▶ [Exercise]
The lines below, from the one holding "2023 Audi Q3" through the one holding "У Харкові готують", are to be restated word for word, with all images left out.

▶ [Information supplied]
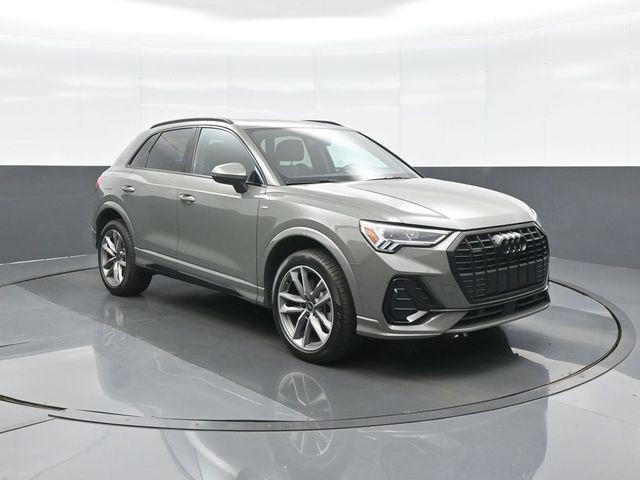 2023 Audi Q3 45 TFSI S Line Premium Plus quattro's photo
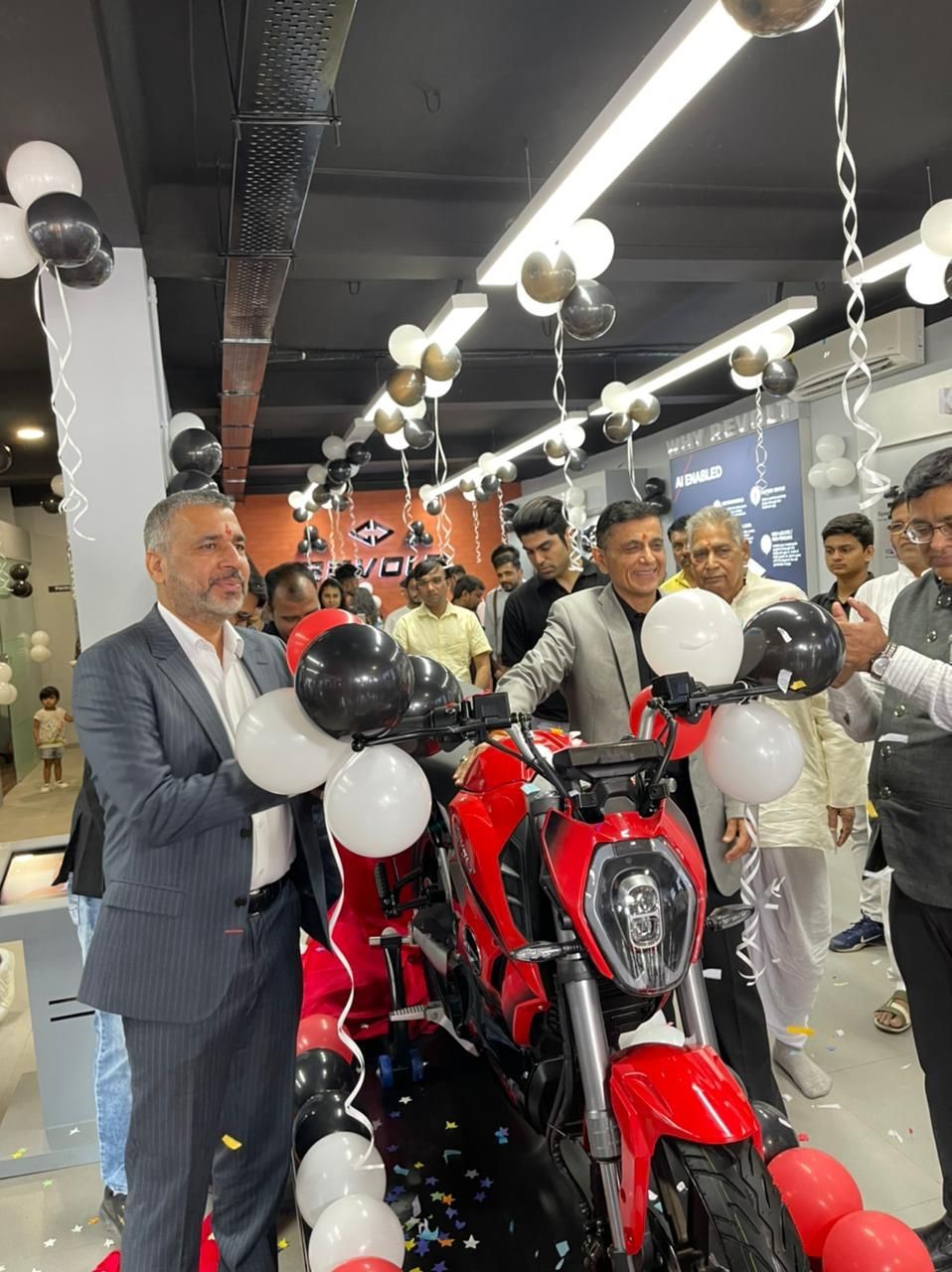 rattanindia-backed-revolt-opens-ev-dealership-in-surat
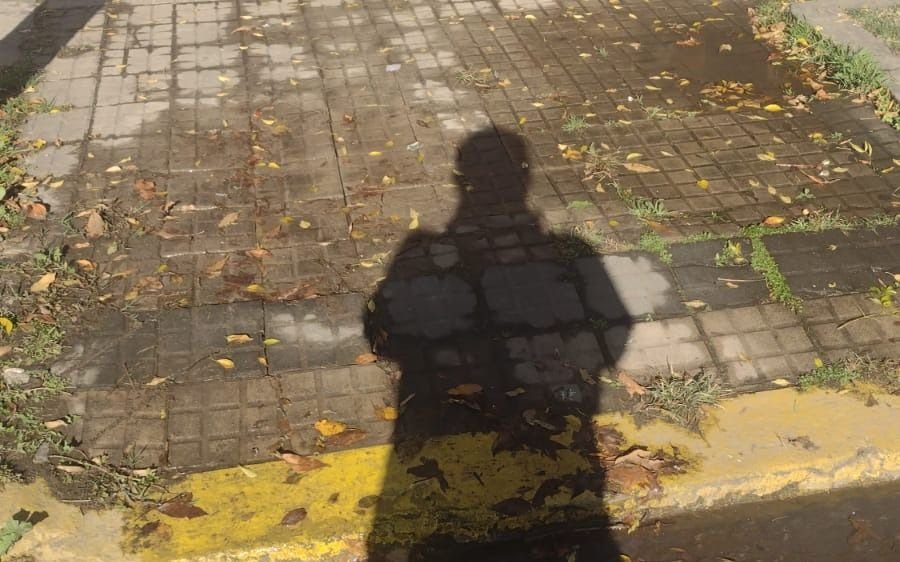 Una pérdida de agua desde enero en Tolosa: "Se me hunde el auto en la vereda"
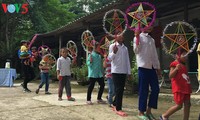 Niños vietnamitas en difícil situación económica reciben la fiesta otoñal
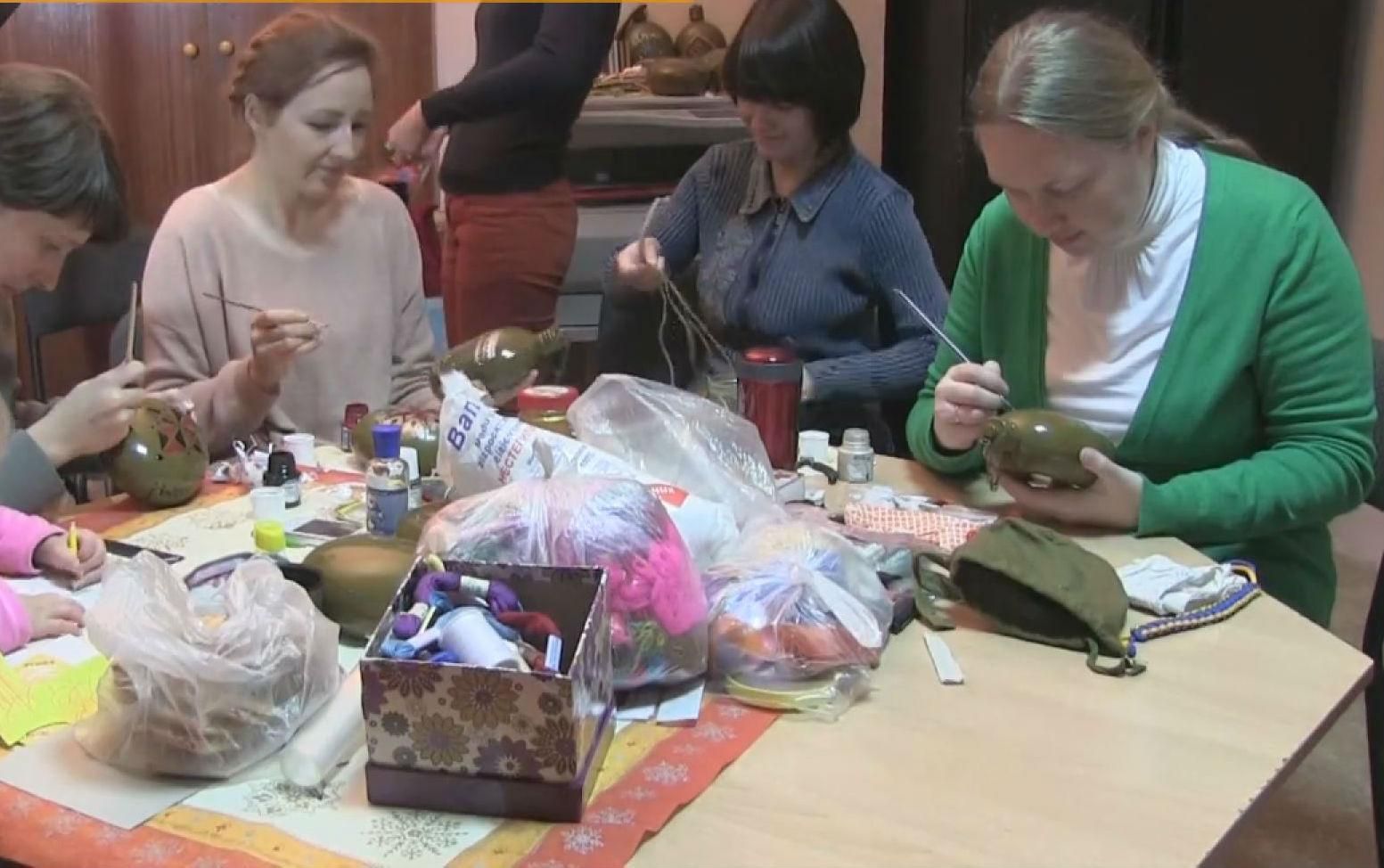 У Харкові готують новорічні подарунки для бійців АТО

--

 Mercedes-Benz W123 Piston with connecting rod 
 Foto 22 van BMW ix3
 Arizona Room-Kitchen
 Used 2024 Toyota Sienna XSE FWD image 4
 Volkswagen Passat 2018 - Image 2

▶ [Exercise output]
 2023 Audi Q3 45 TFSI S Line Premium Plus quattro's photo
 rattanindia-backed-revolt-opens-ev-dealership-in-surat
 Una pérdida de agua desde enero en Tolosa: "Se me hunde el auto en la vereda"
 Niños vietnamitas en difícil situación económica reciben la fiesta otoñal
 У Харкові готують новорічні подарунки для бійців АТО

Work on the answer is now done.